--- WORKING DATA Enclosed Below ---

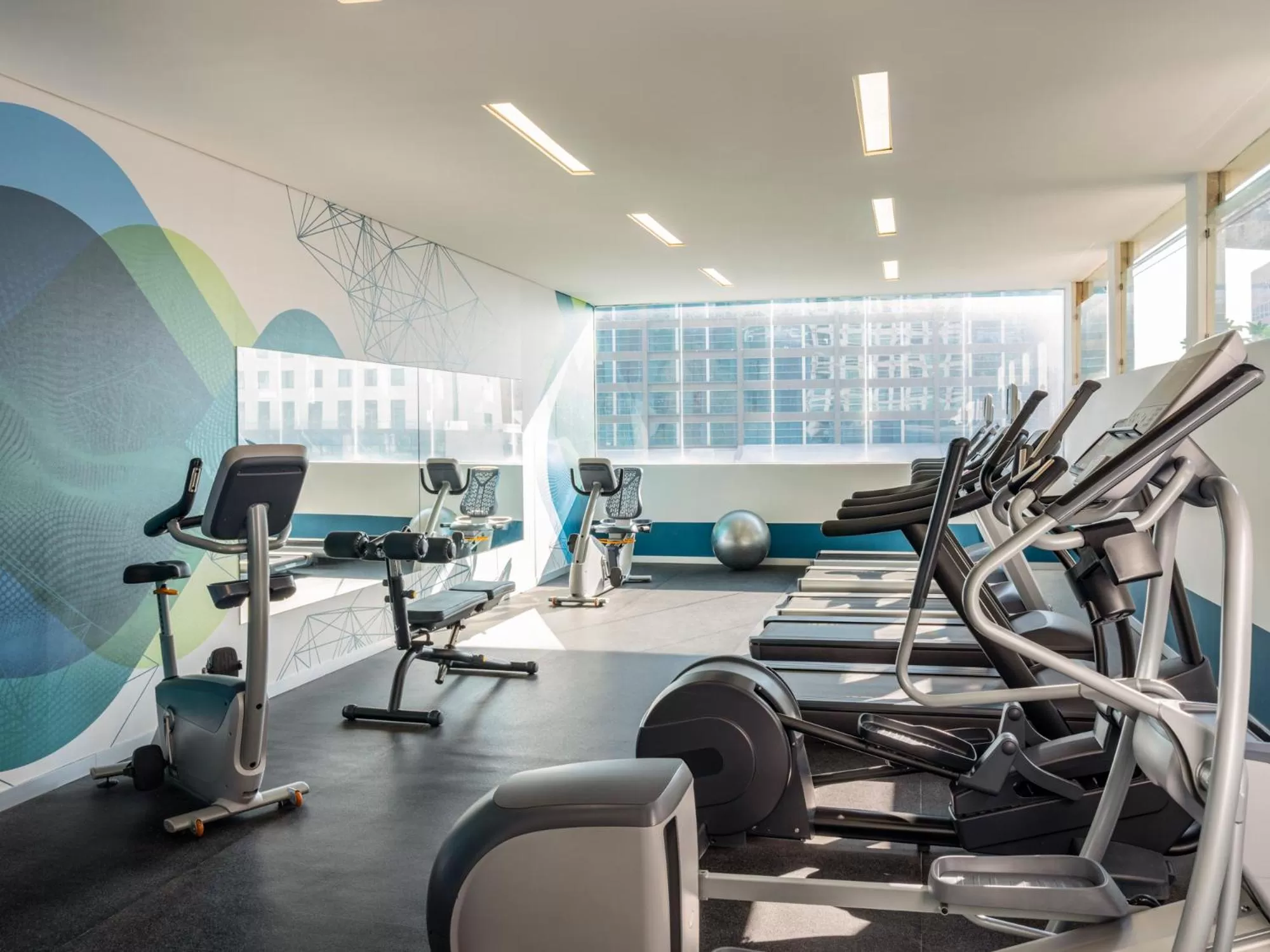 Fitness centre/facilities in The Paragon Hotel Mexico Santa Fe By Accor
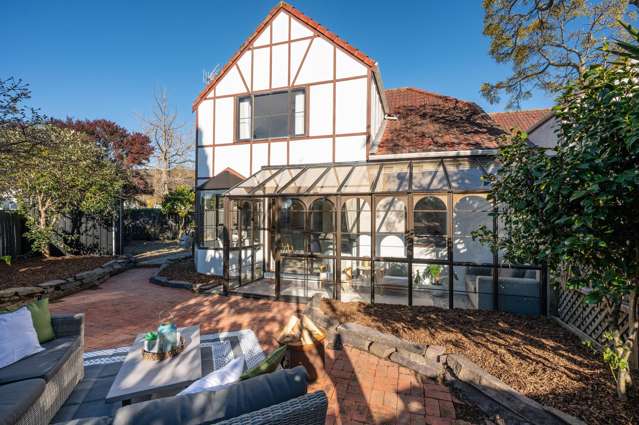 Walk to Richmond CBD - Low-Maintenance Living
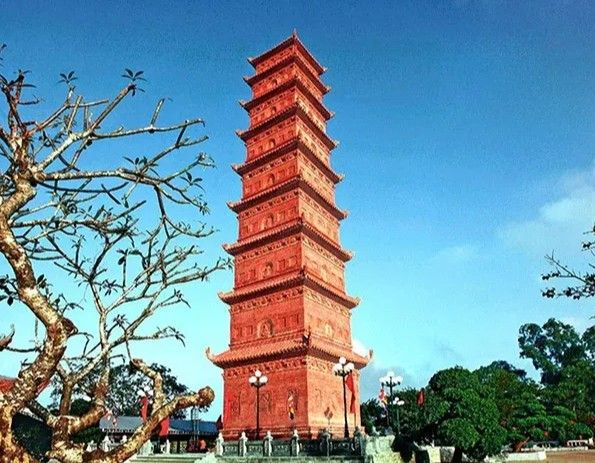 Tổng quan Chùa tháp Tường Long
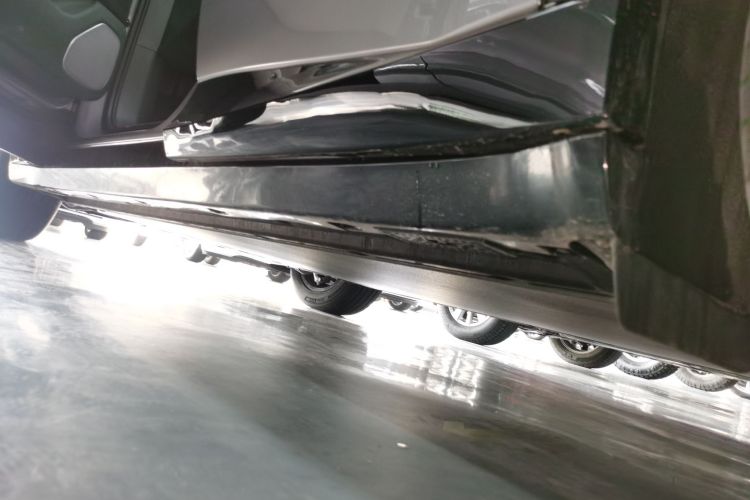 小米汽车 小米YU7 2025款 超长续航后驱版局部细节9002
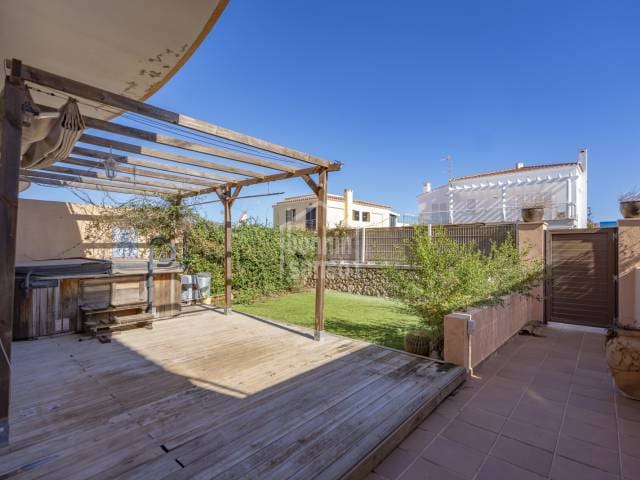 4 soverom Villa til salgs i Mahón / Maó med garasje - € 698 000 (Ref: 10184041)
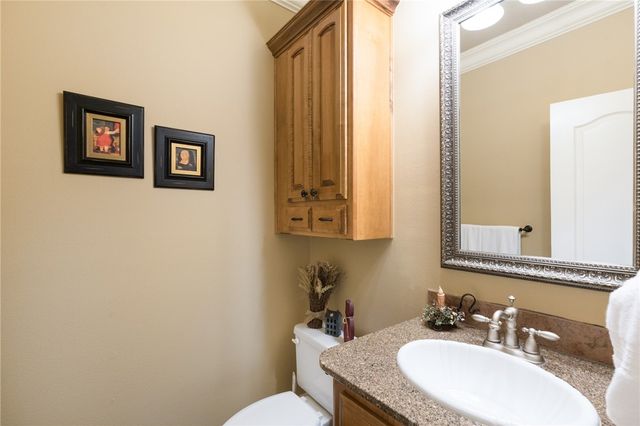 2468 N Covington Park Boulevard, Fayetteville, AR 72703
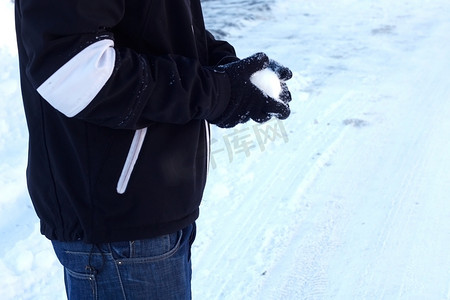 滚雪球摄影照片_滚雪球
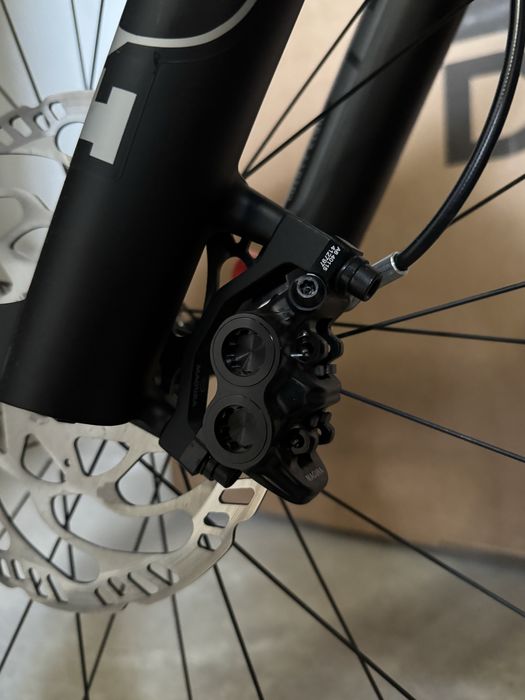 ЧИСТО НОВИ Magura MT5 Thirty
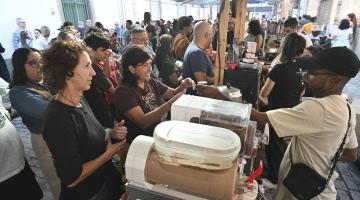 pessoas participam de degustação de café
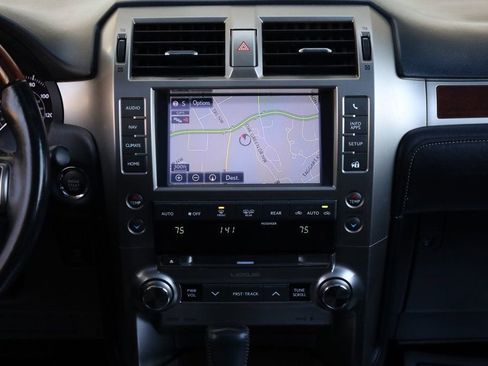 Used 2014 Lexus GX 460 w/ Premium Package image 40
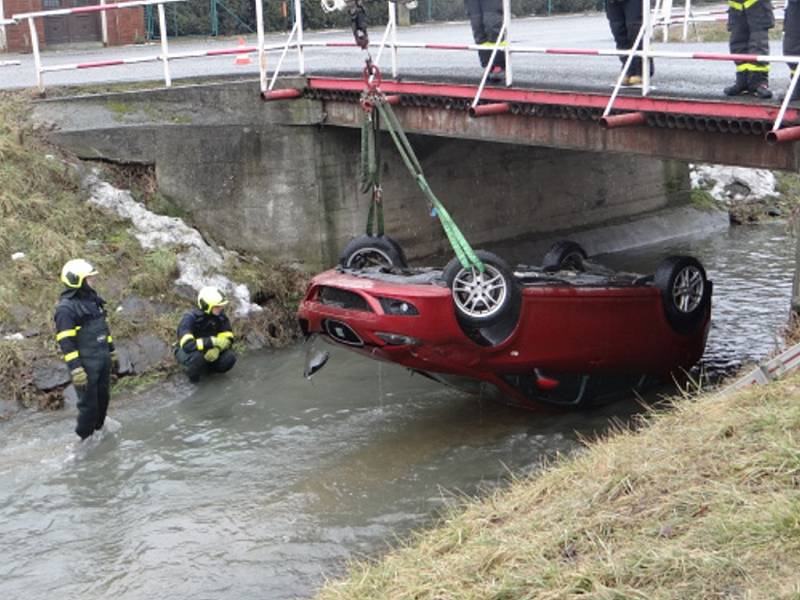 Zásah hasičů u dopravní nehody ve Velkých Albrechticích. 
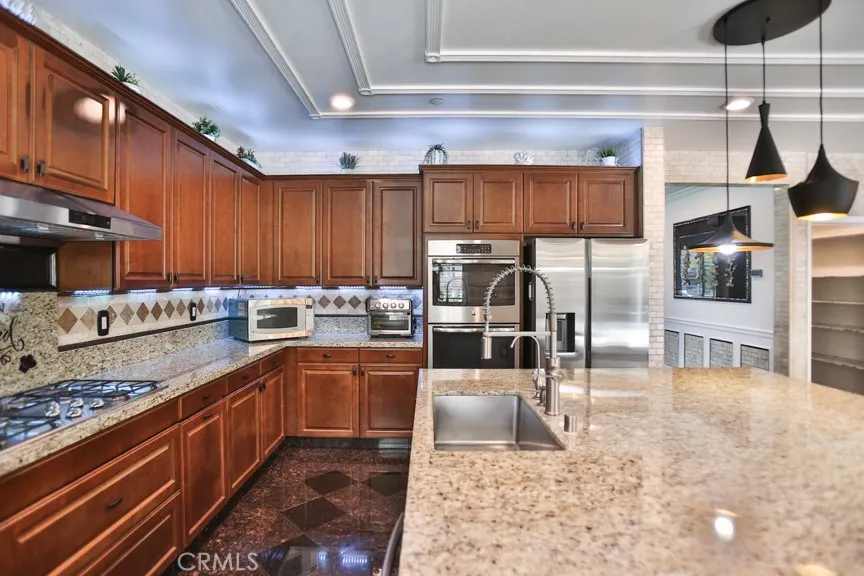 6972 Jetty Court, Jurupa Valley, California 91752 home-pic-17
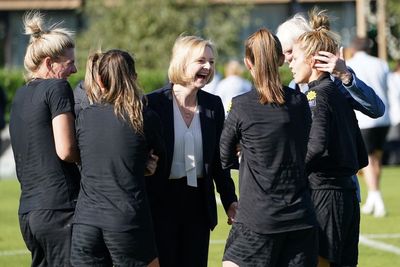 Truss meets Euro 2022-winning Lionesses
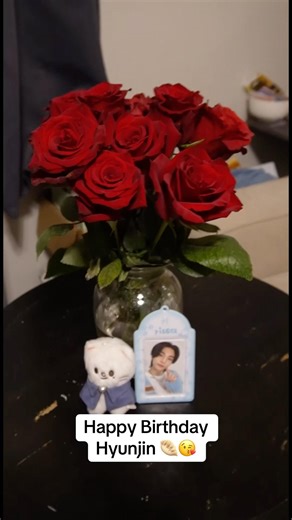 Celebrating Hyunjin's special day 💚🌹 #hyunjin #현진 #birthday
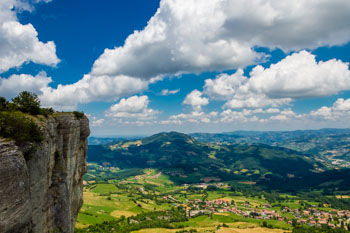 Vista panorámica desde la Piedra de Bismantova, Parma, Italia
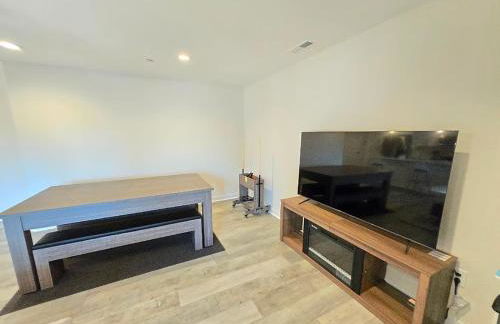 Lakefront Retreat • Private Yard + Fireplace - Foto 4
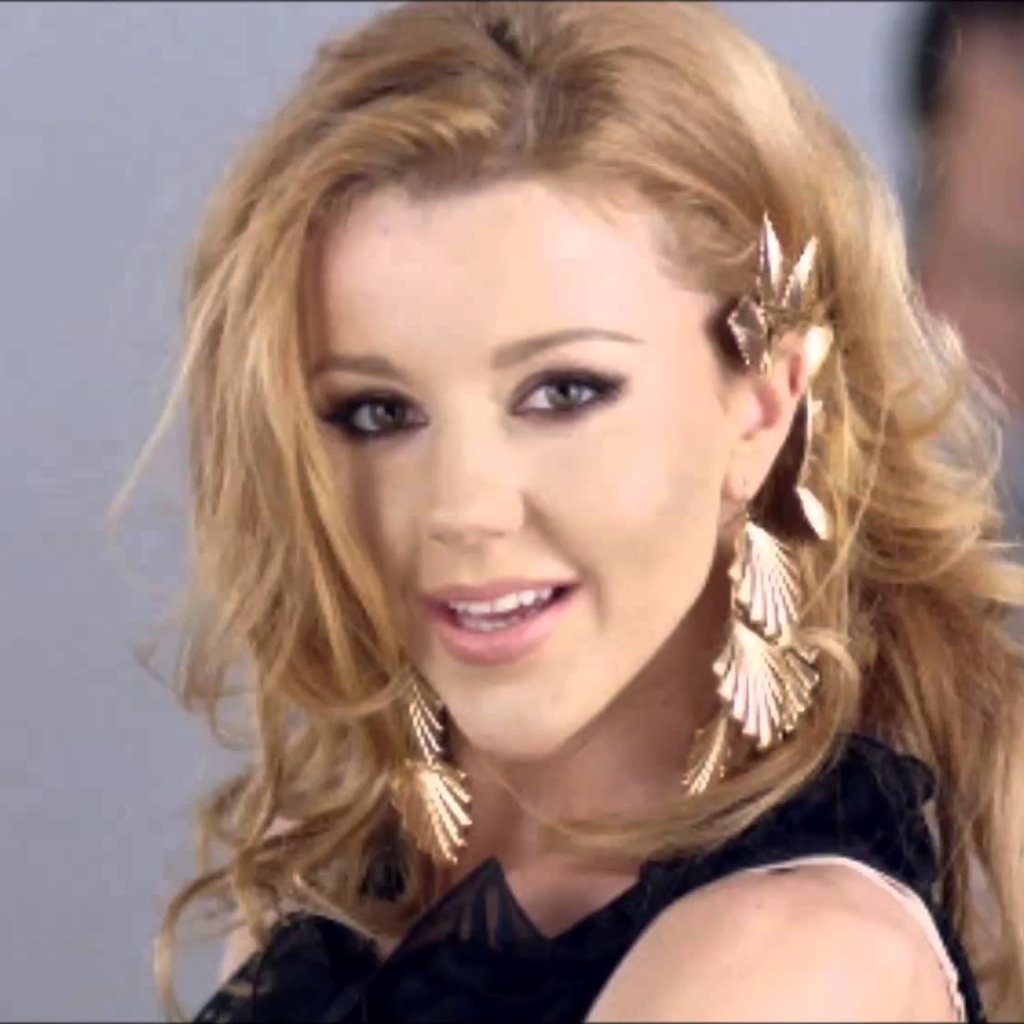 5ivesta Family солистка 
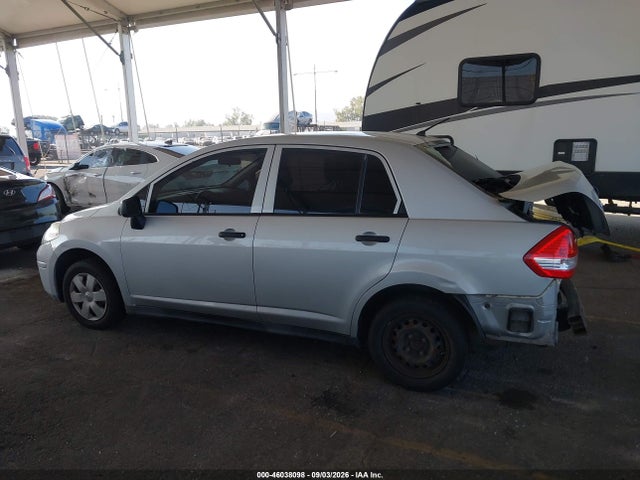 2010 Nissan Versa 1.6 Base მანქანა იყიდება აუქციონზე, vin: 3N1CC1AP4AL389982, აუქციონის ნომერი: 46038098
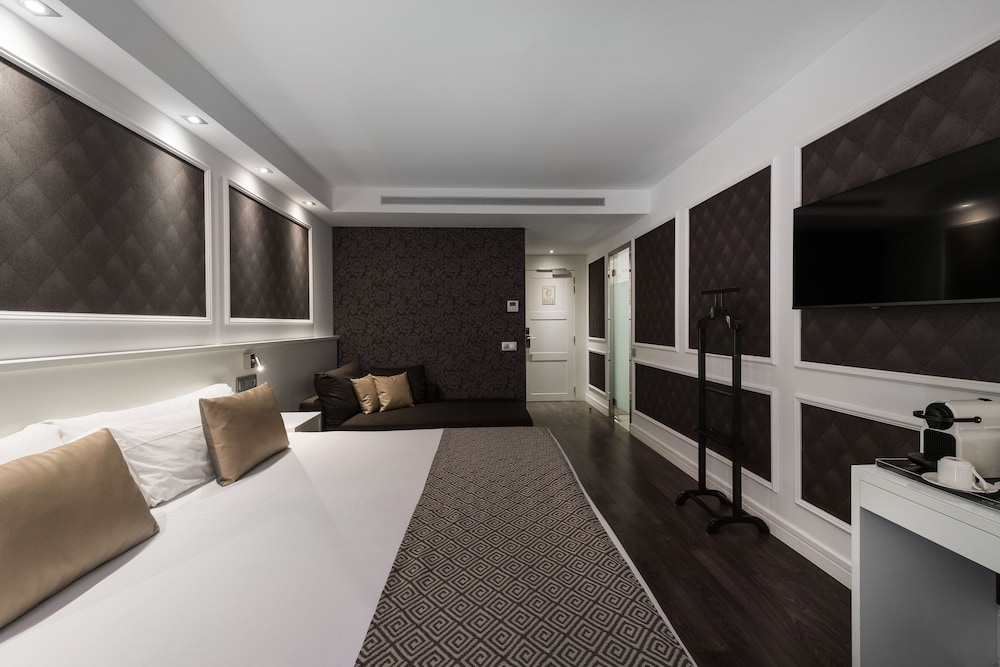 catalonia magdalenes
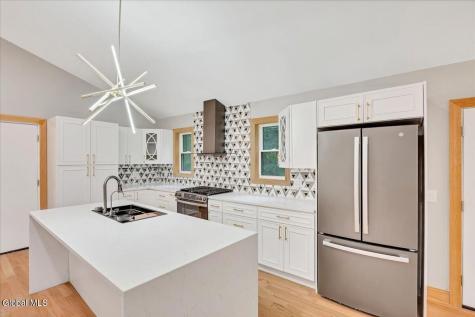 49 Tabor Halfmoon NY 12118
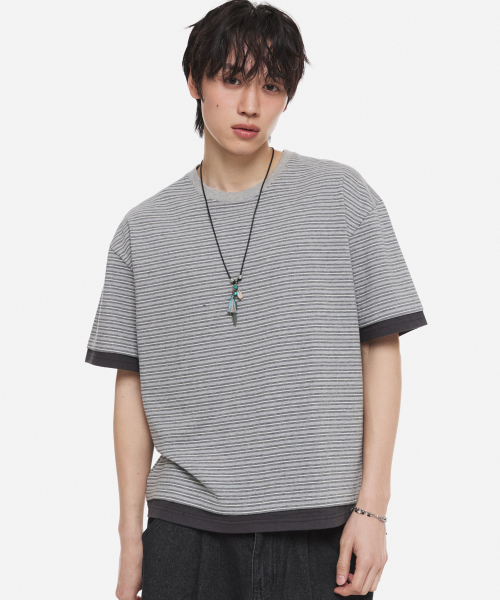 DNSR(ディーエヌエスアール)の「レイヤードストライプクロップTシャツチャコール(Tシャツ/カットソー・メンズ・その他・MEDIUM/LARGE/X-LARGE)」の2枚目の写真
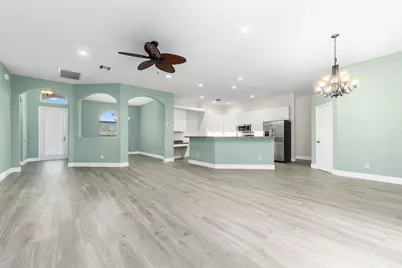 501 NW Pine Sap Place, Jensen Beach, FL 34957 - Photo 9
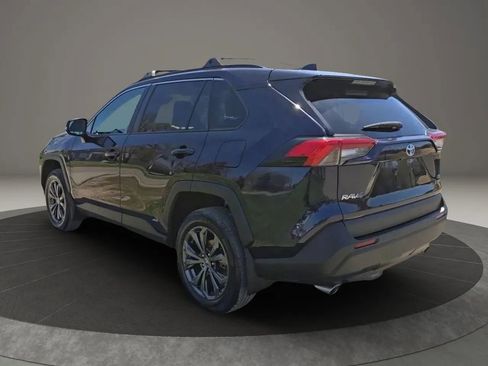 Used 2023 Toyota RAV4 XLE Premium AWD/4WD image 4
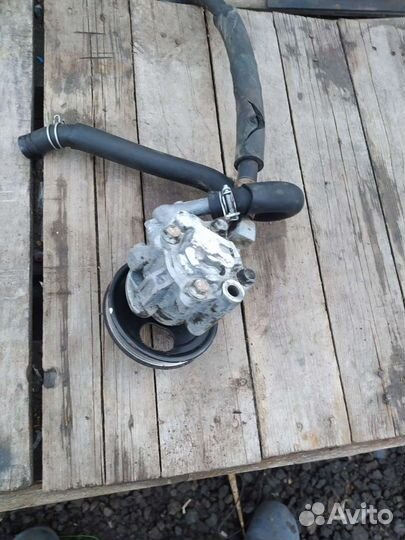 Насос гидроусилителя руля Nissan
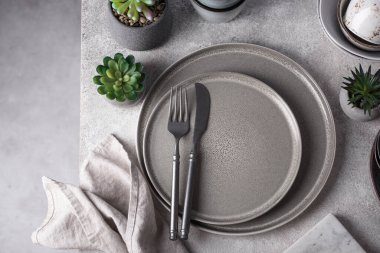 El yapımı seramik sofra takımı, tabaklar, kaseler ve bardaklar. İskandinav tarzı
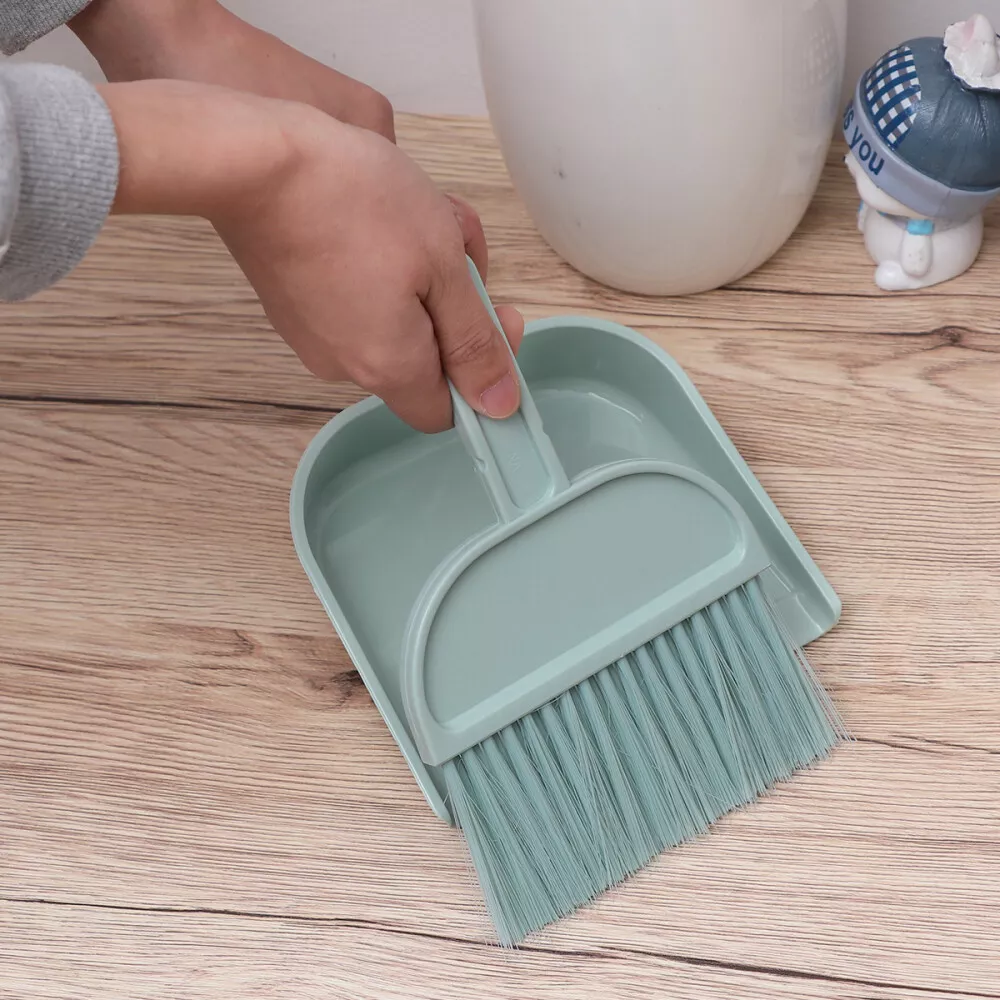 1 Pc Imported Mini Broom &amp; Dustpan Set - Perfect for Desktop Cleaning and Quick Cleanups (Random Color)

--- End of Enclosed WORKING DATA ---

Your task is to copy only the lines above starting at the one containing "Zásah hasičů u" and ending at the one containing "catalonia magdalenes". Copy them exactly, both ends included, and omit the pictures.

§ **FINISHED EXERCISE**
 Zásah hasičů u dopravní nehody ve Velkých Albrechticích. 
 6972 Jetty Court, Jurupa Valley, California 91752 home-pic-17
 Truss meets Euro 2022-winning Lionesses
 Celebrating Hyunjin's special day 💚🌹 #hyunjin #현진 #birthday
 Vista panorámica desde la Piedra de Bismantova, Parma, Italia
 Lakefront Retreat • Private Yard + Fireplace - Foto 4
 5ivesta Family солистка 
 2010 Nissan Versa 1.6 Base მანქანა იყიდება აუქციონზე, vin: 3N1CC1AP4AL389982, აუქციონის ნომერი: 46038098
 catalonia magdalenes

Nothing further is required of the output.